The records Start Marker
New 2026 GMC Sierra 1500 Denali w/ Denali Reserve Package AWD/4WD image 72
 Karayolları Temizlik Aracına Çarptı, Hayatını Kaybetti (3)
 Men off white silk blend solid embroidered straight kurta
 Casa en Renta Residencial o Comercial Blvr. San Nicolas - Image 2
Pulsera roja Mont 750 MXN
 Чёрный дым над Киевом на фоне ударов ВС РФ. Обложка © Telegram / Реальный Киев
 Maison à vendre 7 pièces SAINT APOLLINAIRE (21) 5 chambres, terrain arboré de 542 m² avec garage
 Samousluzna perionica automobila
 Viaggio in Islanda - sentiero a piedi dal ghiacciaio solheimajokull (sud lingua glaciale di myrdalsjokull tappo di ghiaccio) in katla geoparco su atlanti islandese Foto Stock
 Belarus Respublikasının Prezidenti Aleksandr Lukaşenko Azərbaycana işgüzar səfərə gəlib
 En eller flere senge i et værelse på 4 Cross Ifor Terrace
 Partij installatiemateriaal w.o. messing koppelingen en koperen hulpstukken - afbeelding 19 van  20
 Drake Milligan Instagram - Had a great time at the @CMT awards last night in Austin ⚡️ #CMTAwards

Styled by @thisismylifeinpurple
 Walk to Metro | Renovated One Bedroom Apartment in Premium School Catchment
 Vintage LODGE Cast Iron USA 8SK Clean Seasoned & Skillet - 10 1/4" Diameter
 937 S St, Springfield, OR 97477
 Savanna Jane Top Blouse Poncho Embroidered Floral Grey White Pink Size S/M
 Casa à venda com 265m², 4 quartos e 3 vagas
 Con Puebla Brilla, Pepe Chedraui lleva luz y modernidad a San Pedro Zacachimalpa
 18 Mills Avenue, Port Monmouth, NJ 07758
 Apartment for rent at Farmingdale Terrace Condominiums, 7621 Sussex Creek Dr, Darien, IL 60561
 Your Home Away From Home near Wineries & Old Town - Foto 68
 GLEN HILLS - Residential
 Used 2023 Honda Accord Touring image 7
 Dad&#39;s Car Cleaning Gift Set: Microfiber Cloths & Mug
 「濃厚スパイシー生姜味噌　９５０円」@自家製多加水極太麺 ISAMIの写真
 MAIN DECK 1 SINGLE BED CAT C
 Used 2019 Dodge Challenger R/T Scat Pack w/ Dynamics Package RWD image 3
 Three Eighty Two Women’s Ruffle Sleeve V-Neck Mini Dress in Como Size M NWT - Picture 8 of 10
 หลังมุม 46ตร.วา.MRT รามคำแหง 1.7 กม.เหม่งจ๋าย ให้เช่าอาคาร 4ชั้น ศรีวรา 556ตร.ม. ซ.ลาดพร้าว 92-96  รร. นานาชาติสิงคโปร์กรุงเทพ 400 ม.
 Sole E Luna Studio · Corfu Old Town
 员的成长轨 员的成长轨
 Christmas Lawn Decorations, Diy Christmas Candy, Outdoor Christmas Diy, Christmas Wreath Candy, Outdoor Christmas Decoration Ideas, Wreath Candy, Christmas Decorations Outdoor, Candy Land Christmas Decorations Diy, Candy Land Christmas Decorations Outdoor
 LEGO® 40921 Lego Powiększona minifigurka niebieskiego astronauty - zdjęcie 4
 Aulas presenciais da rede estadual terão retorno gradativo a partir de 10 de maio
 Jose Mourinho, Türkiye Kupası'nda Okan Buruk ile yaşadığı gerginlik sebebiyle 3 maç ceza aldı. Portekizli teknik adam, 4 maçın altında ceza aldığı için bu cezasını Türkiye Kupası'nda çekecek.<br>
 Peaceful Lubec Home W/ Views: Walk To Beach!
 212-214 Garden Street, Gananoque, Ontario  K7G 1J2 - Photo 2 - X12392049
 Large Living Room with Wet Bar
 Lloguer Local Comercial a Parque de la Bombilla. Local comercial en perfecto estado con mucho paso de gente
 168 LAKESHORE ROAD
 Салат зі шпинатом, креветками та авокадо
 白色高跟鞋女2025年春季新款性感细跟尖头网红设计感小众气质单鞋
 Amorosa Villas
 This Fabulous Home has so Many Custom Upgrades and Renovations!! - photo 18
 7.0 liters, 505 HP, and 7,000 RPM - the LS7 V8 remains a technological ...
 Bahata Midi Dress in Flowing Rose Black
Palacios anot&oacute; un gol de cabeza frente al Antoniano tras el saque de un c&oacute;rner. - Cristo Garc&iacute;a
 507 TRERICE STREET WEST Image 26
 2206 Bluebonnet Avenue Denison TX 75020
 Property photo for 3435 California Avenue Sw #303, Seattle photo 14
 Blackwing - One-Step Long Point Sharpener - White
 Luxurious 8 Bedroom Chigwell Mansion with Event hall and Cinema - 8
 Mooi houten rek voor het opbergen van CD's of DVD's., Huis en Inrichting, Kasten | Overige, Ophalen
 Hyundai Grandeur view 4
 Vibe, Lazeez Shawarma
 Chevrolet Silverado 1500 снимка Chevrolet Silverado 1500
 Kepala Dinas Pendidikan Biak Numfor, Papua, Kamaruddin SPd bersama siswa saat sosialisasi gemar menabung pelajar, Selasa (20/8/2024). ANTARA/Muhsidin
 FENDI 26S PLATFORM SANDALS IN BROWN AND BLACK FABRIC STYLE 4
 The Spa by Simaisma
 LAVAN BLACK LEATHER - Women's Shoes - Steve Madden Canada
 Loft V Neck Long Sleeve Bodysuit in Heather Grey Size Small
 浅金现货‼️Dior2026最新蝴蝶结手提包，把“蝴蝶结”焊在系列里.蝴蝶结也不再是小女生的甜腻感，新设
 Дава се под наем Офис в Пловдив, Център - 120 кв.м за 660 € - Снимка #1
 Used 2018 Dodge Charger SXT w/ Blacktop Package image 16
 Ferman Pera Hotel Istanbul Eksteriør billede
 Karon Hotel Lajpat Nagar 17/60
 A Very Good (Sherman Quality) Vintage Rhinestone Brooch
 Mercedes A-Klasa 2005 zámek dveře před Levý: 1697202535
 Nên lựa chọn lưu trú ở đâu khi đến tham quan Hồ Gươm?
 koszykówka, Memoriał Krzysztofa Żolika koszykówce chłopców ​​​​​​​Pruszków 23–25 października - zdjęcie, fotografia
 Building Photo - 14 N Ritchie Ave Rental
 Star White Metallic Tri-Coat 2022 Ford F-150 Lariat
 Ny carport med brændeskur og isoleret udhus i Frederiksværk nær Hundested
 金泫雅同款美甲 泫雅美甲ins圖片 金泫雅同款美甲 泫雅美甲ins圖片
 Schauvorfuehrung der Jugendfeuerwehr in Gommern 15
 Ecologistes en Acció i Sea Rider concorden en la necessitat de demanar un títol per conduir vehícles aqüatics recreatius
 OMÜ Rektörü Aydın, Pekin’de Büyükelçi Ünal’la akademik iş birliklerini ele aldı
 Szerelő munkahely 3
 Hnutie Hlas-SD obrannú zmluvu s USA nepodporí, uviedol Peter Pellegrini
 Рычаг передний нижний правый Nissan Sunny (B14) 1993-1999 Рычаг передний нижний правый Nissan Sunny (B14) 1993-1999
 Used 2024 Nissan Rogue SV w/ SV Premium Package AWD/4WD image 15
The records End Marker
■ Assigned task
Write out, without alteration, the line that contains "Рычаг передний нижний правый Nissan Sunny (B14) 1993-1999 Рычаг" and all subsequent lines down to the end of the data above.

■ Your solution
 Рычаг передний нижний правый Nissan Sunny (B14) 1993-1999 Рычаг передний нижний правый Nissan Sunny (B14) 1993-1999
 Used 2024 Nissan Rogue SV w/ SV Premium Package AWD/4WD image 15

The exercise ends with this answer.